Les gens qui connoissoient bien M. de Bellegarde (comme M. de Racan) disent qu’on a cru trois choses de lui qui n’étoient point : la première, que c’étoit un poltron ; la seconde, qu’il étoit fort galant ; la troisième, qu’il étoit fort libéral. À la vérité, il ne recherchoit pas le péril, mais il ne manquoit nullement de cœur ; dans la suite nous en verrons des preuves. Il avoit le port agréable, étoit bien fait, et rioit de fort bonne grâce. Son abord plaisoit ; mais hors quelques petites choses qu’il disoit assez bien, tout le reste n’étoit rien qui vaille. Ses gens étoient toujours déchirés, et hors que ce fût pour quelque entrée, ou pour quelque autre chose semblable, il n’eût pas voulu faire un sou de dépense ; mais dans les occasions d’éclat, la vanité l’emportoit. Il n’étoit point trop bel homme de cheval, à moins que d’être armé, car cela le faisoit tenir plus droit. Il étoit grand et fort, et portoit fort bien ses armes.
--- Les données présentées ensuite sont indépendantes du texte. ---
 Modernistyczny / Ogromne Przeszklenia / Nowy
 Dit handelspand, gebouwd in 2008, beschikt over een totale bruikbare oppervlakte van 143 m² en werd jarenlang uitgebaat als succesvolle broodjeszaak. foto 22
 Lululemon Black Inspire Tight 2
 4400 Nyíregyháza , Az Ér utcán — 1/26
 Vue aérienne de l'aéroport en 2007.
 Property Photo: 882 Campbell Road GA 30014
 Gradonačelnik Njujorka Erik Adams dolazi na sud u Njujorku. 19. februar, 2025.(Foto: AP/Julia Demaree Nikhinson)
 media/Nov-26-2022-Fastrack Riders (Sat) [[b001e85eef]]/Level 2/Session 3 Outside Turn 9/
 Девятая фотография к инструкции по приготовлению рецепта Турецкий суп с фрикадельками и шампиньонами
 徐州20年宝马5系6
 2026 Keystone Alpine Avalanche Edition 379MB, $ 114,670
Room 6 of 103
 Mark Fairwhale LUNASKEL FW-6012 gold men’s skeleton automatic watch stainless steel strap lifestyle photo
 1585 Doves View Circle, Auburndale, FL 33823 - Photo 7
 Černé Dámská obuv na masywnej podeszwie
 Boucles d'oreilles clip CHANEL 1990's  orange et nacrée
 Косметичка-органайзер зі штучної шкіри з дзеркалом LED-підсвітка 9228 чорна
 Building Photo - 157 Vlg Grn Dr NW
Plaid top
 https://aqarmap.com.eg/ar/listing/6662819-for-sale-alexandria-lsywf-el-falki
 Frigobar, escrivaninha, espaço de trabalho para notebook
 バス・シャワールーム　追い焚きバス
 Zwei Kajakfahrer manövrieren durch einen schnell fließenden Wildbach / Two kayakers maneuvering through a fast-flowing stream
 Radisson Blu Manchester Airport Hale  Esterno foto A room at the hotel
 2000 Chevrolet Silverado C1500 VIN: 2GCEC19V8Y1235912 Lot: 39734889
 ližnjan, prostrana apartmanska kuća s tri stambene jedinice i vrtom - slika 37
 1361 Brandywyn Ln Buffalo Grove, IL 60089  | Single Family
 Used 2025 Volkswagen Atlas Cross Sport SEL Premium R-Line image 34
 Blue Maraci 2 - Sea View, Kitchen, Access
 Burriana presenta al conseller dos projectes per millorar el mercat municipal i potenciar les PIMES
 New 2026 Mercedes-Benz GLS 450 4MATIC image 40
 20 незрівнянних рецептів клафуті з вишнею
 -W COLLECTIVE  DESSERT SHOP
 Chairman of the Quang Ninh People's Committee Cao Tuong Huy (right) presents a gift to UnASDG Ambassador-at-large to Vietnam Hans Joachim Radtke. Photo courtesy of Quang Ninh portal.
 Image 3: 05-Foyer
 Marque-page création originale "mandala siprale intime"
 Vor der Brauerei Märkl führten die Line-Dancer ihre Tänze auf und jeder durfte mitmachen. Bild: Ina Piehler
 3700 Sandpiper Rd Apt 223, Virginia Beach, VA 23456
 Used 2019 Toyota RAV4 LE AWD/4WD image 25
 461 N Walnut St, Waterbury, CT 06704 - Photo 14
Je n’ai que faire de dire que sa beauté lui servit fort à faire sa fortune auprès de Henri III. On sait ce que dit un courtisan de ce temps-là, à qui on reprochoit qu’il ne s’avançoit pas comme

  1. Roger de Saint-Lary, duc de Bellegarde, grand-écuyer de France, né vers 1563, mort le 13 juillet 1646.